I can safely say that The Postman is the only romance that I truly love. Shakespeare interests me linguistically, and I can't help but be intrigued by the way in which generations swoon over Rilke, but even those two greats cause my overactive retch reflex to kick into high gear. I'm also somewhat allergic to poetry. I don't get hives like I do with romance, but my eyes get itchy and nose drips until I am well out of the poet's grasp. God knows I've tried to like it as a form, and there has been the odd exception, but for the most part it just has me reaching for the antihystemines. My point being, I really shouldn't have liked The Postman.
The story is deceptively simple. Owing more to circumstance than direction, Mario Jiminez finds himself working as a postman in a small fishing village on Isla Negra. There aren't many people on the island, and for the most part the mail can be handled by the surly postmaster. However, on the outskirts of the village, set away from the other houses, lives the island's resident celebrity - the great Chilean poet Pablo Neruda. His mail alone requires a second delivery boy and so each day Mario fills his backpack with letters, hops on his bicycle and rides to the poet's house. Mario is a simpleton, a dreamer, who fails to see the beauty in poetry until he falls for the beautiful Beatriz and calls upon Neruda to be his Cyrano. Neruda, however, seeks to find the words in Mario's heart and have him become a poet in his own right. As the two spar good-heartedly, a political storm rolls in over the horizon. Neruda is touted as the next president of Chile, a chalice he suspects might well be poisoned. The only accolade that he awaits with any true desire is the Nobel Prize. When Allende gets the party nomination he is relieved, even more so when he is chosen to be Chilean ambassador to France. It is while Neruda is overseas that Pinochet takes control and the crushing power of his dictatorship comes to bear on Chile, including our little fishing village. History had it that Pablo Neruda died in September 1973, back home on Isla Negra. Mario's fate is less certain. He sends his entry, a poem that he has been working on for months, to a competition being run by the national paper La Quinta Rueda. And then he disappears. It seems his political convictions, thrown around with naive bluster, might well have guided the hand on his death warrant.

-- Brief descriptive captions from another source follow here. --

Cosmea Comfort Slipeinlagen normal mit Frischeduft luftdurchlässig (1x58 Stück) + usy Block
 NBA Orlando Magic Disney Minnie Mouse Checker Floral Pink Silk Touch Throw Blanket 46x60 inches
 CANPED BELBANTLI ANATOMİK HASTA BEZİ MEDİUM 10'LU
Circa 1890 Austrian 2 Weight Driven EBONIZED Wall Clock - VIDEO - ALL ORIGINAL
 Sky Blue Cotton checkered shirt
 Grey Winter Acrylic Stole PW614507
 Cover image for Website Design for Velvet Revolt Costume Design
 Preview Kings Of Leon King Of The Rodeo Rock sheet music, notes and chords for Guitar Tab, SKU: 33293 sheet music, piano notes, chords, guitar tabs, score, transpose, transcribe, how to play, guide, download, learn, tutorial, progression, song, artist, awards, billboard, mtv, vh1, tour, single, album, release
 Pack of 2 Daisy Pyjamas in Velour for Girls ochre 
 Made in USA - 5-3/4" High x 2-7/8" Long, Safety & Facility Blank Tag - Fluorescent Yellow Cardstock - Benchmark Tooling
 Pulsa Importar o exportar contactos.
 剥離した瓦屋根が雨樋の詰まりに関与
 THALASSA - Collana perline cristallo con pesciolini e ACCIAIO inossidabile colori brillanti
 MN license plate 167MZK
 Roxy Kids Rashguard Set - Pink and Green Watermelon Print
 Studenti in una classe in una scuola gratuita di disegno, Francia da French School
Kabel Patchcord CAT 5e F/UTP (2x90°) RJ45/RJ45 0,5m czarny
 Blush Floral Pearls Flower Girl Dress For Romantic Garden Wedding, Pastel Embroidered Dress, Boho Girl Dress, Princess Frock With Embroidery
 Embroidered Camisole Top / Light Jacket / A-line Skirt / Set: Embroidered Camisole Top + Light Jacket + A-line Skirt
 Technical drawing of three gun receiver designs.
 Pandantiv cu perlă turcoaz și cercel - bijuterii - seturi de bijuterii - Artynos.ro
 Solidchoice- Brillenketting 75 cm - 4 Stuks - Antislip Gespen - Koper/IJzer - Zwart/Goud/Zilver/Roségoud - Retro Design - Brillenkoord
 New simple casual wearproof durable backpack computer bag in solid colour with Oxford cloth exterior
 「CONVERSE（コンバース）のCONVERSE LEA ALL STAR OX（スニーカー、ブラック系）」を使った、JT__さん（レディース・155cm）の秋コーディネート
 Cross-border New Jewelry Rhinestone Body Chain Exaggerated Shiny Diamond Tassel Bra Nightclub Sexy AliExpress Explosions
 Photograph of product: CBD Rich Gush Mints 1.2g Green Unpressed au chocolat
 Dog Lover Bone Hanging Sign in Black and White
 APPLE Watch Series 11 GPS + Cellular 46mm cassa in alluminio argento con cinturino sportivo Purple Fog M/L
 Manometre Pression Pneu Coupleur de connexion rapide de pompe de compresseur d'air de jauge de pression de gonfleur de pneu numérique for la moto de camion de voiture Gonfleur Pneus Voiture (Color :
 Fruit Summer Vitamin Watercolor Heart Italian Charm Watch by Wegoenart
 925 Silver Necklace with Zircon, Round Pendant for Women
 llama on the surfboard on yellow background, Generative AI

Skarmeta evokes the simplicity of village life, and the rollercoaster ride of Mario's heart without condescension. His Neruda is convincing, and the relationships between the poet, his protege and Beatriz charming. He even writes believable sex scenes. The political tension rolls in so subtly, that when it hits at the end it is like a sucker punch in the guts. I was left a little dazed by the final message, which seems to suggest that, in the wash-up of history, one's life is of little consequence. Or perhaps that was the final tragedy of it all.